Till a few years back cold water humidification was acceptable in pharmaceutical industry. Use of ultrasonic humidifiers was accepted as the energy requirement of such humidifiers is very low. However the new guidelines of World Health Organization (WHO) state 4.9.9 Where humidification is required, this should be achieved by appropriate means such as the injection of steam into the air stream. A product-contamination assessment should be done to determine whether pure or clean steam is required for the purposes of humidification.

It further adds
4.9.11 Humidification systems should be well drained. No condensate should accumulate in air-handling systems.

And also states
4.9.15 Cold surfaces should be insulated to prevent condensation within the clean area or on air-handling components.

Whilst steam generation does require more energy than cold water generation it is a statutory requirement and must be followed.

Self-generating electric steam humidifiers are available for smaller duties upto 40 Kg per hour. The power consumption would be 0.75 KW/ Kg of steam generated.

Among the electric steam humidifiers resistive humidifiers are most suitable as they offer accuracy in control which can be as high as +/- 2 per cent if required, and do not have the maintenance and cylinder replacement expenditure like the electrode humidifier and most importantly steam can be generates using any water quality from untreated drinking water to Reverse Osmosis water. The electrode humidifier requires conductive water to pass current in order to generate steam.
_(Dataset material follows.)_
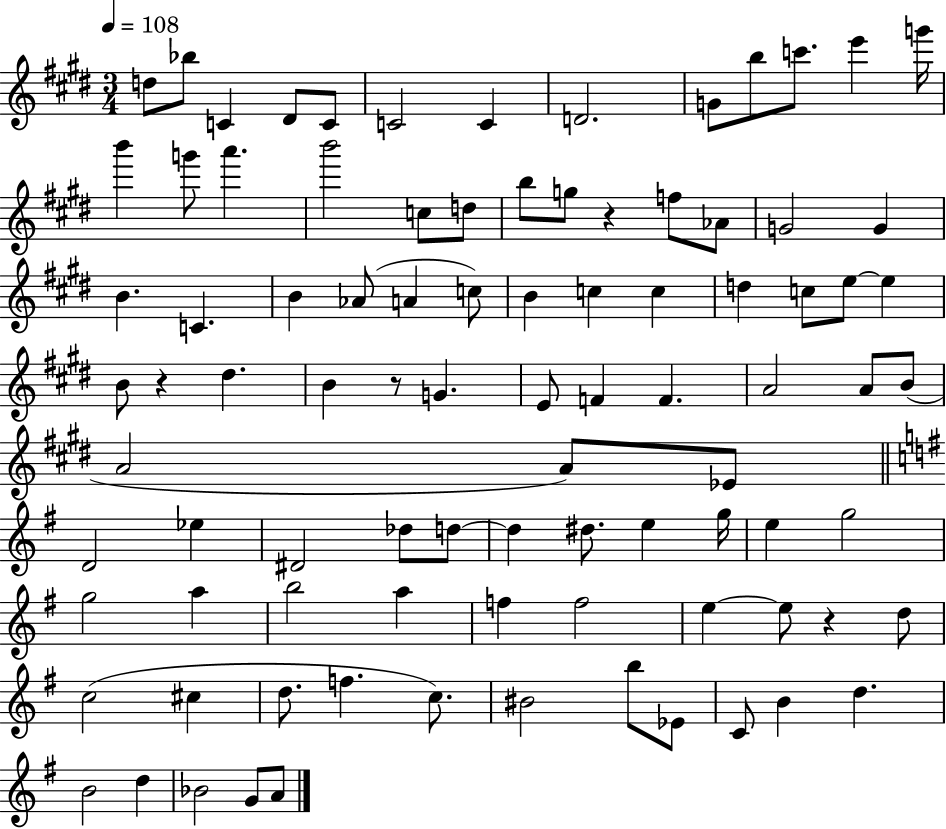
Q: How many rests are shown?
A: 4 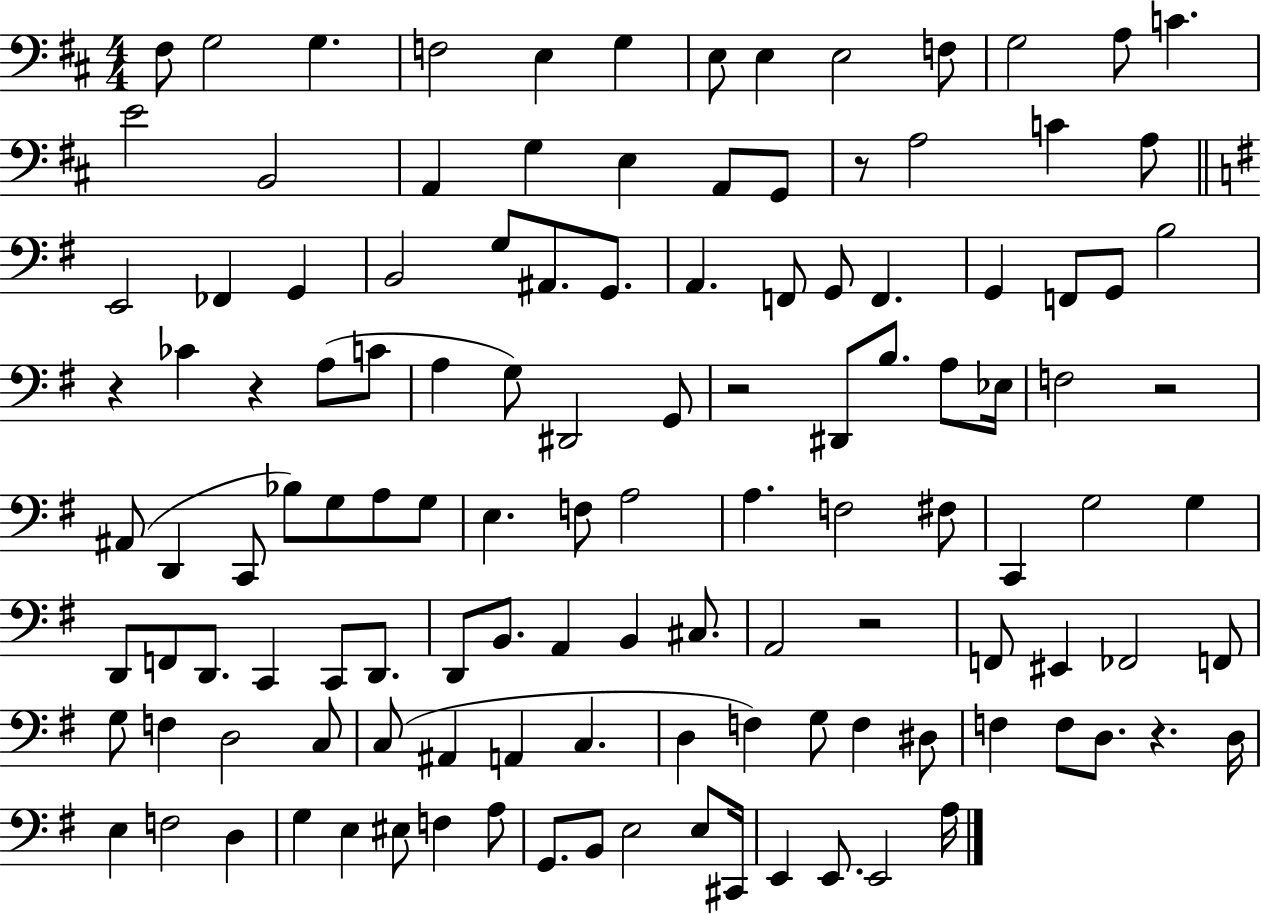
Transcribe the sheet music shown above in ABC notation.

Process humidification duties are usually very high - more than 100 Kg of steam per hour even for smaller airflows like 3000 CMH. This of course depends on the RH to be maintained at a given temperature.

As most pharmaceutical companies have process steam available it is more economic to generate pure or clean steam at atmospheric pressure for humidification purpose. The actual savings can vary depending on the electricity rates per unit at place of installation.